# Typed Services

By the end of [Stage 4](/kitaru/agent-harness-platform/04-credential-proxy.md), the agent could call internal HTTP endpoints without ever holding a secret. It ran `curl http://wiki.local/...` inside the sandbox, the proxy added the `Authorization` header on the way out, and the token never touched the agent or its container. The credential problem was solved.

What stayed unsolved is the shape of the interaction. A `curl` is a fine way to hit an endpoint when the agent is poking around and reasoning about whatever comes back. It is an awkward way to take a specific, structured action, the kind where the agent has a defined input in mind and cares about a defined result. Stage 5 gives the agent typed service tools for exactly that: it names an action, fills in the arguments, and gets a structured result back. The action runs in your host process, behind a dispatcher you control.

{% hint style="info" %}
This walkthrough uses `stage_5_typed_services.py` from the runnable Agent Harness Platform example. If you have not cloned the repo yet, start with [Get the code](/kitaru/agent-harness-platform/agent-harness-platform.md#get-the-code) on the overview page.
{% endhint %}

## When a shell is the wrong shape

Picture the agent at the end of its task. It has a two-sentence summary written, and the next thing it needs to do is post that summary to a team channel. With only the `exec` shell, the only way to do that is to assemble the whole HTTP call by hand: the right URL, a `POST`, an `Authorization` header in the exact format the endpoint wants, and a JSON body with every required field named correctly. Then it has to read the response and decide whether it worked.

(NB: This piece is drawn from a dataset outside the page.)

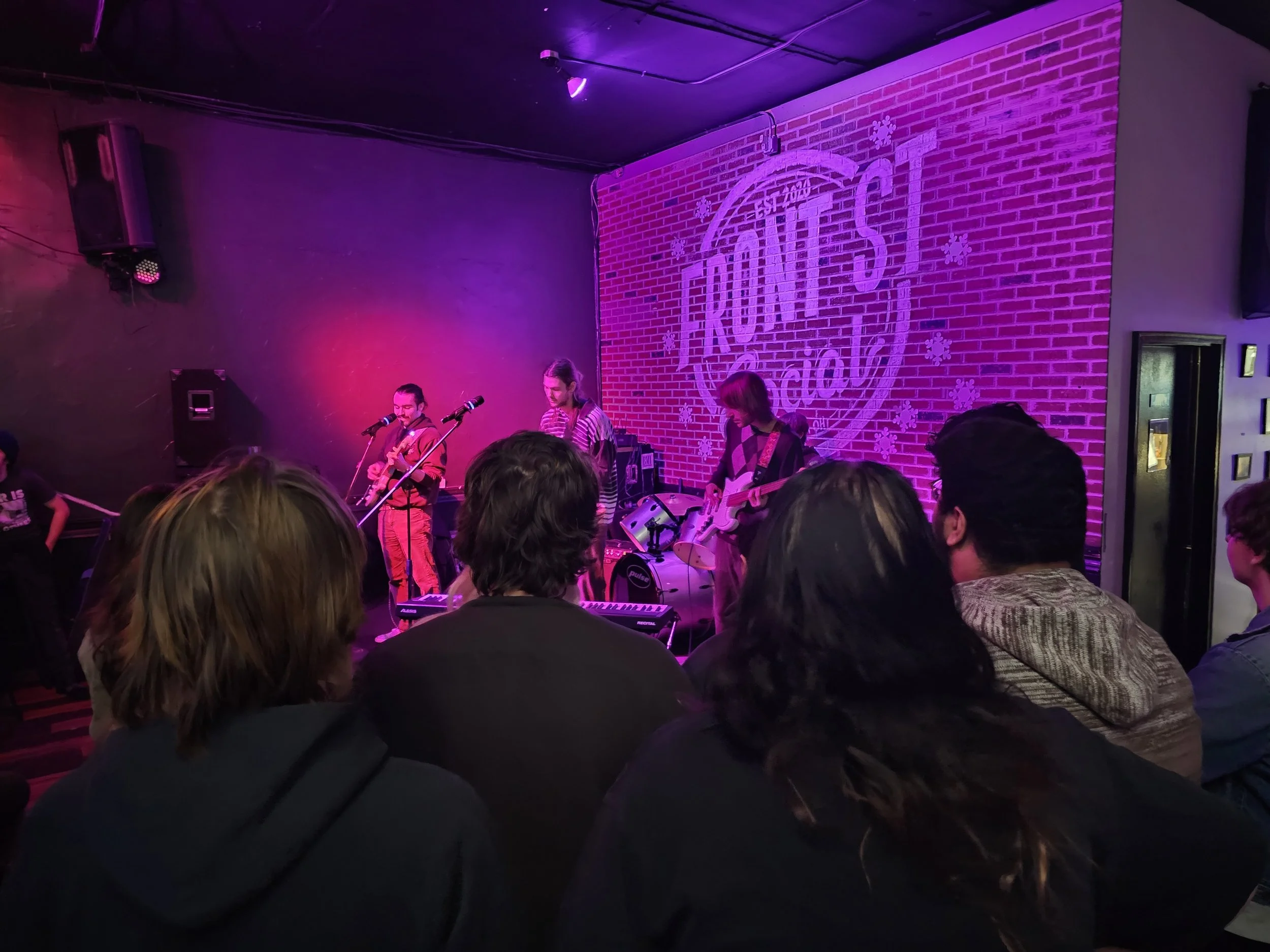 Live band performing under purple lights at a crowded indoor concert venue.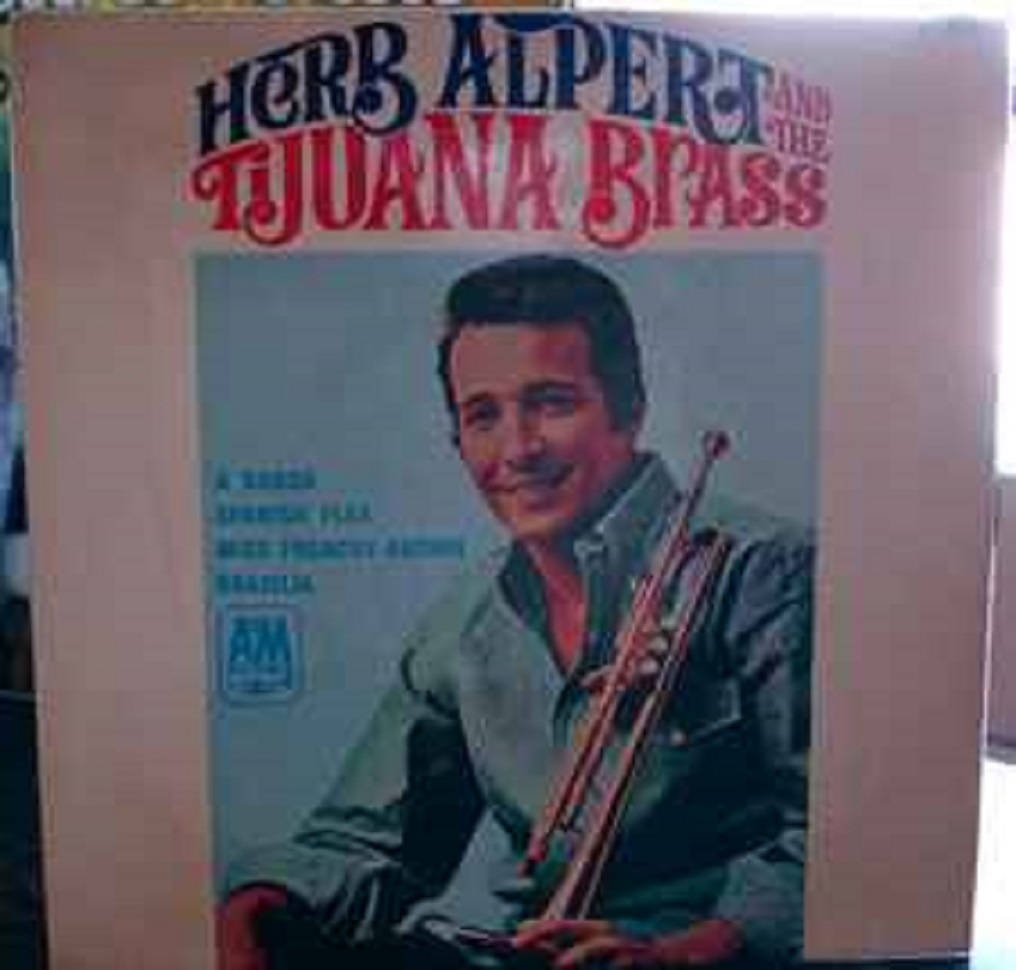 Herb Alpert And The Tijuana Brass 美國樂隊 壁紙 — 復古專輯封面，Herb Alpert 微笑著手持小號，背景為淺藍色。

Every one of those is a place the model can slip. It posts to the wrong webhook. It drops a required field and the request comes back `400`. It gets a `500`, reads the error body as if it were a normal response, and reports success anyway. A shell is the right tool when the agent is genuinely reasoning about command output, reading a file or grepping a log. It is the wrong tool the moment the agent wants to do one specific structured thing and the result, not the raw bytes, is what matters.

Stage 5 adds a second tool, `exec_service`. The agent keeps `exec` for shell-shaped work, but now it also has a set of named services it calls with typed arguments and gets a typed result back. Two of them ship with the example:

* `lookup_wiki` takes a topic string and returns wiki snippets as structured objects, not a blob of text the agent has to parse.
* `publish_summary` takes a summary string, posts it to a webhook, and returns the `message_id` and timestamp the webhook handed back.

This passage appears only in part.